For each $n \in \Bbb N$, let $$f_{n}(x) = \begin{cases}nx, &0\leq x\leq \frac{1}{n}\\ 1, &\frac{1}{n}<x\leq1\end{cases}$$ Find the limit function of the sequence $f_{n}$. Show that the convergence of the sequence is not uniform.
I am having difficulty in writing a formal proof.
As $n$ tends to $\infty$, we have $x=0$, so $f(x)= 0$. So limit function is $f(x)= 0$.
Next step is to show that the convergence is not uniform. Since for $x=1$ the condition $|f_{n}(x) - f(x)|< \epsilon$ is not satisfied if we take $\epsilon$ less than $1$, so the convergence is not uniform.
Is this approach correct?
Please guide me to write a formal proof for the first part.
limit function $f$
For $x=0$ holds $x \le \frac1n$ for all $n\in\mathbb N$. So $f_n(0) = 0$ for all $n\in\mathbb N$. Thus $f(0)=0$.
For every $x>0$ exists a $N\in\mathbb N$ such that $x>\frac1n$ for all $n>N$ (Archimedean property). That is $f_n(x) = 1$ for all $n>N$. Thus $f(x)=1$.
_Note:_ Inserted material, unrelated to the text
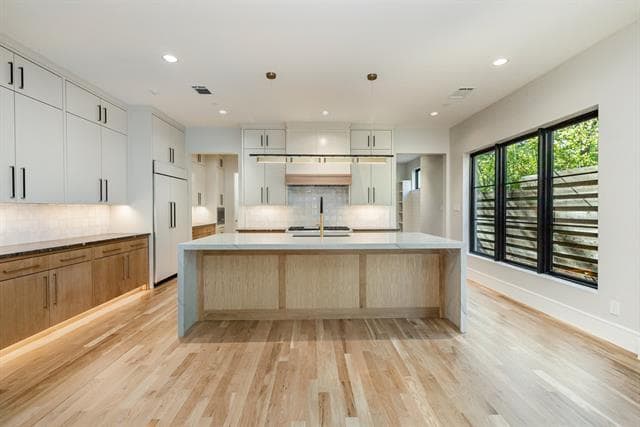 Building Photo - 4203 Normandy Ave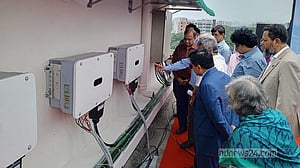 ১৯ ছাদে বসল প্যানেল, সৌরশক্তি থেকে বুয়েটের ‘১০ শতাংশ’ বিদ্যুৎ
So $$f(x) = \begin{cases}0 & x=0\\1 & 0<x\le 1.\end{cases}$$
no uniform convergence
Proof by contradiction: let be $0<ε<\frac12$. Assume there is a $N\in\mathbb N$ such that for all $x\in[0,1]$ and all $n\ge N$: $$\vert f_n(x)-f(x)\vert < ε.$$ Choose $x=\frac{1}{2N}$. Then $f_N(x) = \frac12$. So $$\vert f_N(x)-f(x)\vert = \vert \frac12 - 1\vert = \frac12 \not< ε $$ what is a contradiction.